The Salt Lake Temple Garden Room
The Garden Room of the Salt Lake Temple is the second of four ordinance rooms that are used to present the temple endowment to patrons. It is located on the first floor of the temple and is adjacent to the Creation Room, but at an inclined level.
Just as Christ taught using parables, the temple teaches using symbolism. The Salt Lake Temple Garden Room is a representation of the Garden of Eden. The walls are adorned with a mural that depicts the paradisaical nature of Eden, including one scene with a lion and lamb sitting peacefully together. At the front of the room the mural has a depiction of the Tree of Life and the Tree of Knowledge of Good and Evil. The altar in the room is a symbolic representation of Jesus Christ. As patrons kneel at the altar, they are figuratively kneeling before The Savior.

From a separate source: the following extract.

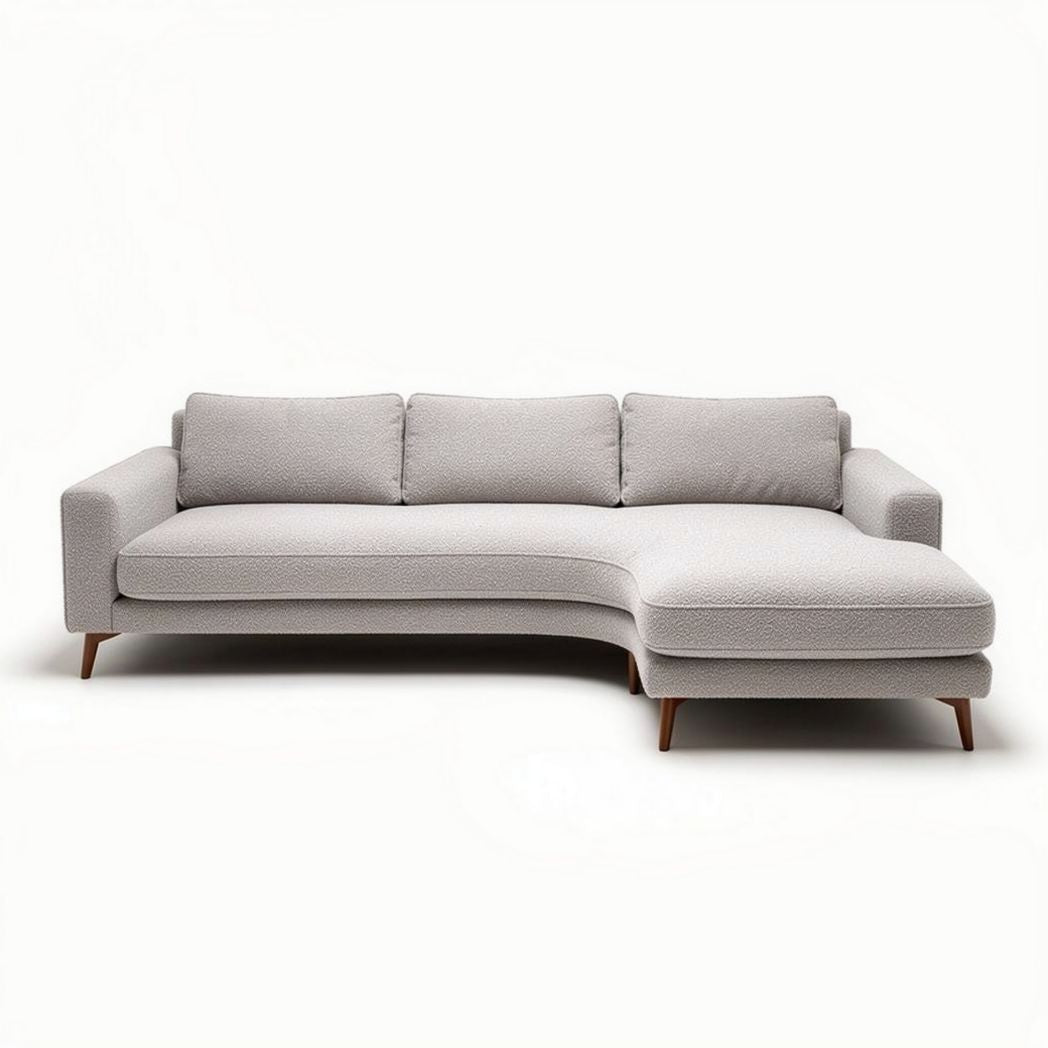 Curved sectional sofa in light gray fabric with wooden legs 250 x 100 x 85cm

In the Garden Room, patrons learn about the events that transpired in the Garden of Eden. This includes: Adam and Eve’s introduction to the Garden of Eden and the commandments given to them by Heavenly Father and Jesus; what their life was like during that time; Lucifer tempting Adam, then Eve, with the fruit from the Tree of Knowledge of Good and Evil; The Fall and and its reasons and consequences; and Adam and Eve's subsequent expulsion from Eden. In connection with The Fall, patrons also learn about hope through Heavenly Father's Plan of Redemption, and the role of Jesus Christ as Savior of the World.

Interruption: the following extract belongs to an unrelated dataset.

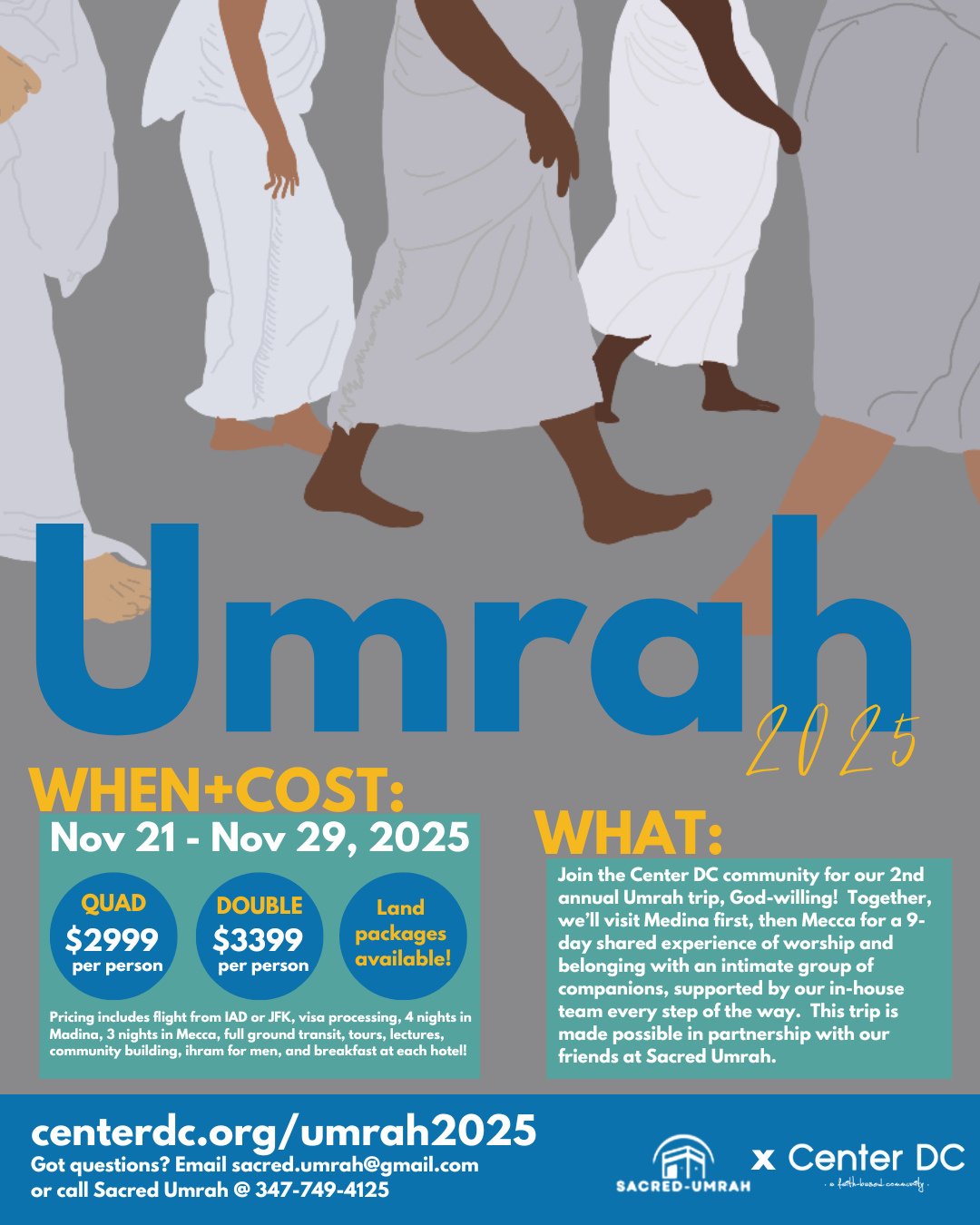 Bismillah (In the name of God)! Our 2nd annual Center DC Umrah trip from Nov. 21st-Nov 29th, 2025 is live!! 🕋
Looking to complete umrah (the shorter holy pilgrimage to Mecca), but want a Muslim community group to go with? Center DC has the trip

In the Garden Room and other temple ordinance rooms, patrons make covenants with Heavenly Father and Jesus under the direction of the holy priesthood. In this room, patrons make covenants to keep and obey God’s commandments, laws, and gospel principles. Since a covenant is a two-way agreement, there are corresponding blessings that are promised for honoring these covenants. These include the blessings of salvation and returning to live with God The Father and Jesus.
The Salt Lake Temple is an example of one of 12 temples that were built with the four-room progressive style design. The progressive style entailed patrons ascending from room to room (as this tour is illustrating) as a metaphor that teaches the gospel principles of redemption and ascension to God through His Son, Jesus Christ. When the Salt Lake Temple was first built the Garden Room was filled with real plants and foliage that were cultivated in a greenhouse that was adjacent to the Garden Room. Temple patrons would walk through the greenhouse annex to give them feeling of walking through a real garden. The entrance to the greenhouse was through the curtained archways at the front of the Garden Room. The temple greenhouse was removed in the 1940's.